• [Task prompt]: Return exactly the lines below, starting with the one that has "Esteban Mustache Monster - Wall Decal Hanger" and going on through the one that has "Stylo bille roulante".
[Records supplied Boundary: Start]
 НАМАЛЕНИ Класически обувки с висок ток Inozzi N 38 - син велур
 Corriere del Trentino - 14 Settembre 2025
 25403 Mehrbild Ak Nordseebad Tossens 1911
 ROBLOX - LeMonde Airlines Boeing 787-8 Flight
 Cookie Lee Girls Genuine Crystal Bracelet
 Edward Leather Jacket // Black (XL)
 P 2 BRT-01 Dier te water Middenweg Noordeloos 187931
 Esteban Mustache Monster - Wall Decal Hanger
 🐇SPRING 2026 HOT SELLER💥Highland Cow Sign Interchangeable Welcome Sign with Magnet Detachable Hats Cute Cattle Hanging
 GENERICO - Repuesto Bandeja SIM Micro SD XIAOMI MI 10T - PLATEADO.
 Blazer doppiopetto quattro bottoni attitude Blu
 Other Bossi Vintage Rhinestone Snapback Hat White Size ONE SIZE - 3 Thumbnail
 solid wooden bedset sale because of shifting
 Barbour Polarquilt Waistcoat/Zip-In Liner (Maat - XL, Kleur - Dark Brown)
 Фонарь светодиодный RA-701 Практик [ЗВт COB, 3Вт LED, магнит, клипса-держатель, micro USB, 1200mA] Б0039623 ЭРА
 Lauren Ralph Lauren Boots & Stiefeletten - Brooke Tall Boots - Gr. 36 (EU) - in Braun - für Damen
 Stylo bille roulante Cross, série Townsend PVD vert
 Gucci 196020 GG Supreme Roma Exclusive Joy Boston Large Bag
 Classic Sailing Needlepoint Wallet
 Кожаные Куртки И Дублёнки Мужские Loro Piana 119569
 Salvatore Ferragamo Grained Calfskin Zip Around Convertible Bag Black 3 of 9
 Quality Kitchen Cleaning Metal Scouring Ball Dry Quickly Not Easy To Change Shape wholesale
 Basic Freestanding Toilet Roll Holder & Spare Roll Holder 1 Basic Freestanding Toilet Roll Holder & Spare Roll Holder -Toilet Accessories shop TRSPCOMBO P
[Records supplied Boundary: End]
• [Response to the exercise]:
 Esteban Mustache Monster - Wall Decal Hanger
 🐇SPRING 2026 HOT SELLER💥Highland Cow Sign Interchangeable Welcome Sign with Magnet Detachable Hats Cute Cattle Hanging
 GENERICO - Repuesto Bandeja SIM Micro SD XIAOMI MI 10T - PLATEADO.
 Blazer doppiopetto quattro bottoni attitude Blu
 Other Bossi Vintage Rhinestone Snapback Hat White Size ONE SIZE - 3 Thumbnail
 solid wooden bedset sale because of shifting
 Barbour Polarquilt Waistcoat/Zip-In Liner (Maat - XL, Kleur - Dark Brown)
 Фонарь светодиодный RA-701 Практик [ЗВт COB, 3Вт LED, магнит, клипса-держатель, micro USB, 1200mA] Б0039623 ЭРА
 Lauren Ralph Lauren Boots & Stiefeletten - Brooke Tall Boots - Gr. 36 (EU) - in Braun - für Damen
 Stylo bille roulante Cross, série Townsend PVD vert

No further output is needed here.